The vast features, capabilities, and limitless scale of modern cloud platforms enable technology professionals to solve business challenges using technology faster than ever. It’s also easier than ever to leave an unwanted trail of artifacts and services in our wake that can wind up costing tens of thousands of dollars or more in unnecessary cloud spend per year.
Let’s face it, cloud optimization isn’t cool, flashy, or fun. It can be tedious, complex, and downright boring. So why should you pay attention to it? Because saving boatloads of cash on currently wasted cloud spend IS cool and fun. It’s also good business.
There are three universal types of cloud optimization that can be easily automated across the three leading cloud providers—AWS, Azure, and GCP—that yield big results:
Resource Scheduling Automation
There's a fundamental difference between the cost model of running resources in the data center versus the utilization of cloud resources. In the data center, once we rack, stack, connect, and power up our gear, the operational runtime costs of running a wide range of virtual machines are the same month to month. There are no real cost increases for each net new workload if additional infrastructure isn't required. These are the well-known benefits of virtualization, thin-provisioning, and even over-provisioning individual virtual machines while maintaining appropriate underlying physical resources to support actual demand of these virtualized workloads.
In the cloud, we’re paying by the hour. This is a simple, critical distinction. Most organizations deploy their workloads to the cloud with no real thought around availability planning or even distinguishing their application stacks by the environment. For example, Non-Production Development, Non-Production Testing, Pre-Production Staging, and Production application environments. Only one of these environments, Production, needs to be running all the time (and even that is debatable as some applications are not utilized 24/7/365) in most organizations.
The simple answer here is to require application owners and product teams to implement power scheduling tags that can then be used to automate resource scheduling, effectively power cycling resources to meet the actual needs of the user base. Most of us turn the lights off when we leave the building. Why? Because electricity is a metered utility service and we pay by the kilowatt hour—so is the cloud. If this is true, why do we leave running resources in the cloud powered up and incurring hourly charges while they’re not in use outside of normal business hours?
Let's run the numbers:
For example, in the AWS Virginia region (us-east-1), a t3.medium EC2 instance running Windows costs $0.06 per hour. Running that EC2 instance 24 hours a day for 1 week would cost you a total of $10.08.
Committing to a reserved instance for 1 full year would cost you $374.00 upfront.
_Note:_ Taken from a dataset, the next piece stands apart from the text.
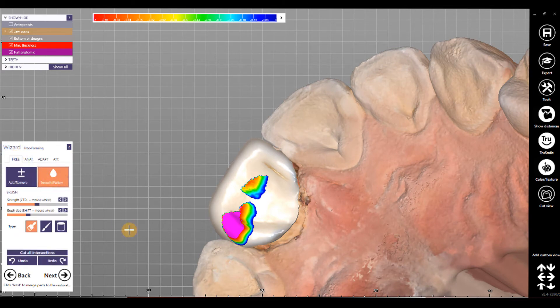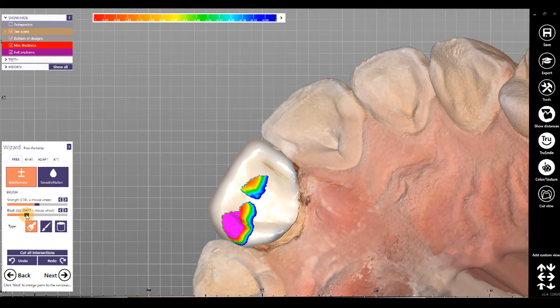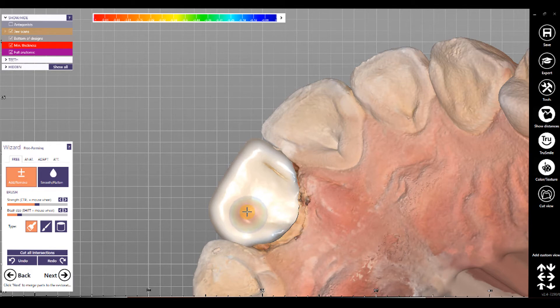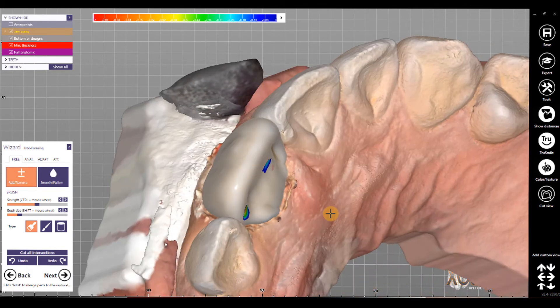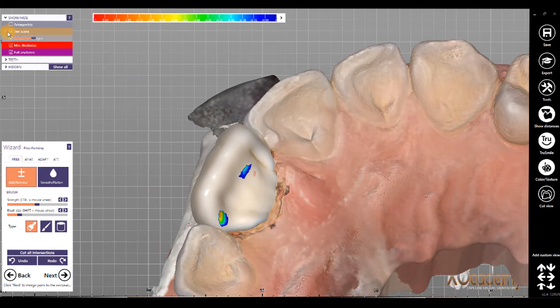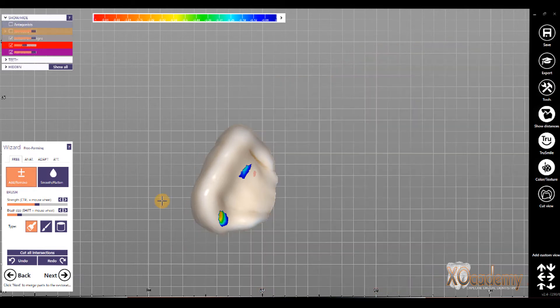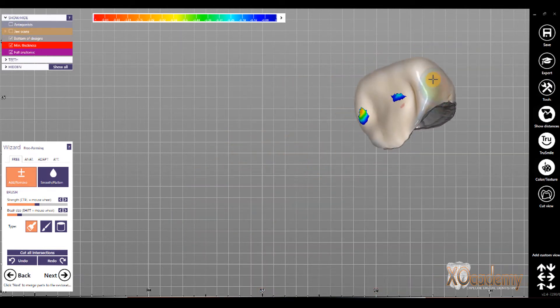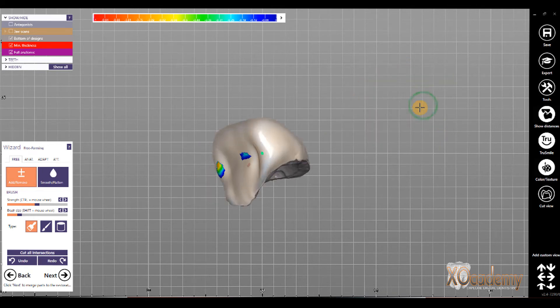So, we go to free form here, and I want to remove all of these heavy, heavy contacts here. So, I remove the contacts. There's a good occlusion for this crown. And now, when I turn off the jaw scan, and I try to adjust the adjacent contacts, I can't see them.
Your weekly EC2 costs would be cut to $7.22, for a savings of 29% over on-demand pricing.
However, if your EC2 instance only needs to be running from 7 am to 7 pm, Monday through Friday, then you can save money by using automation to schedule your EC2 instance to run only during these hours. By scheduling the EC2 instance's off-time, the weekly costs are reduced to just $3.60.
That's a cost savings of 64%, with no upfront commitment needed. Therefore, resource scheduling automation is often one of the highest return-on-investment activities cloud teams can focus on.
It is completely realistic to expect a 60-80% cost savings by automating resource scheduling of Non-Production workloads currently running 24/7/365 in the cloud.
Data protection is a top priority for IT teams, or at least it should be. This data is often the most valuable work product being produced by most organizations. Cloud providers offer excellent ways to implement robust data protection and data lifecycle management capabilities, but implementing these management strategies can be somewhat complicated, tedious, and unmanageable. Luckily, these tasks are very easy to automate, and basic account hygiene activities can be tied to these data protection tasks so basic data protection requirements are met, without overpaying for unnecessary or out-of-control backup storage. Organizations can be unpleasantly surprised by unintended consequences of data protection policies pervasively adding cloud services quietly in the background.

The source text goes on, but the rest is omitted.